According to an article on cnbc.com, climate change is posing an existential threat to the precarious lives of farmers across the country. More intense and frequent weather disasters are wiping out entire harvests, and warmer winters are exposing crops to severe frost damage.
For apples, a warm spell in the winter will force trees to flower prematurely and expose the buds to unpredictable winter frosts, hail and other extreme weather. In some cases, entire trees can become stressed and die.
Experienced fruit growers like Elizabeth Ryan from the Hudson Valley region of New York, are now experimenting with more resilient crops, growing tactics and technology to cope with warmer winters and unprecedented heat, rain and drought. But climate change has become an impossible financial burden for many farmers.

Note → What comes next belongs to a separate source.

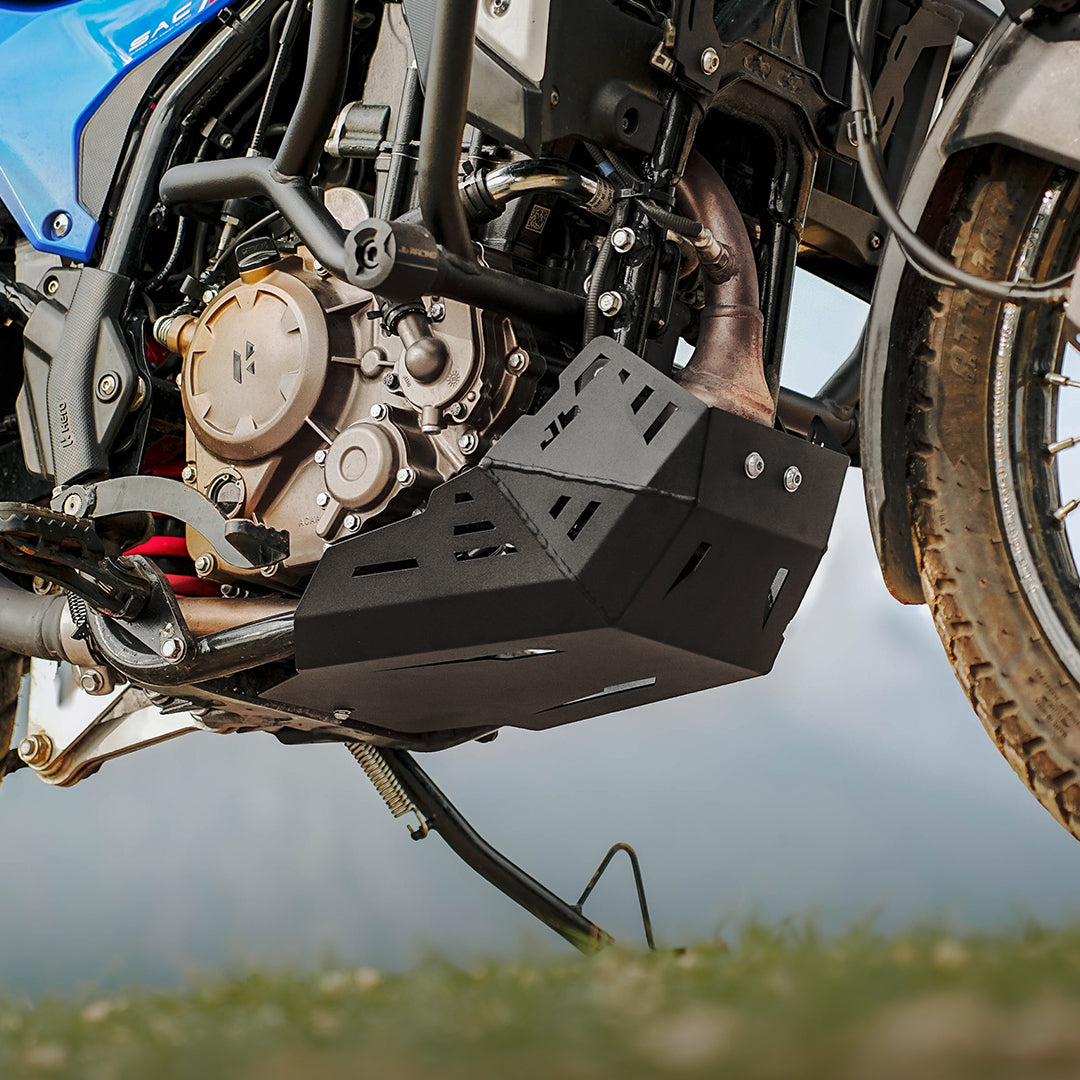 JB RACING X PULSE 210 GUARDIAN BASH PLATE BLACK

The Hudson Valley has a long and robust history of apple growing. New York is the second-largest apple producer in the U.S, and about 22% of the state’s annual apple production is derived from the Valley. But the apple-lush region is under serious pressure. In the past 50 years, the Valley has experienced a 71% increase in heavy rains, with unpredictable downpours and flooding.
Ryan, who operates several orchards in the Hudson Valley, has experienced three major crop losses due to bad weather in the last decade.
In 2012, apples in New York bloomed about a month earlier than usual when temperatures rose up to 70 degrees in February and then dropped back down. Half of the state’s apple crop was destroyed and farmers endured millions of dollars in losses.
It’s a significant economic problem, as apple production in the Northeast U.S. is valued at more than $400 million. Unless farmers can find ways to grow more resilient apple varieties, or implement technology to combat severe weather, scientists warn that fruit-growing regions in the U.S. will continue to be ravaged.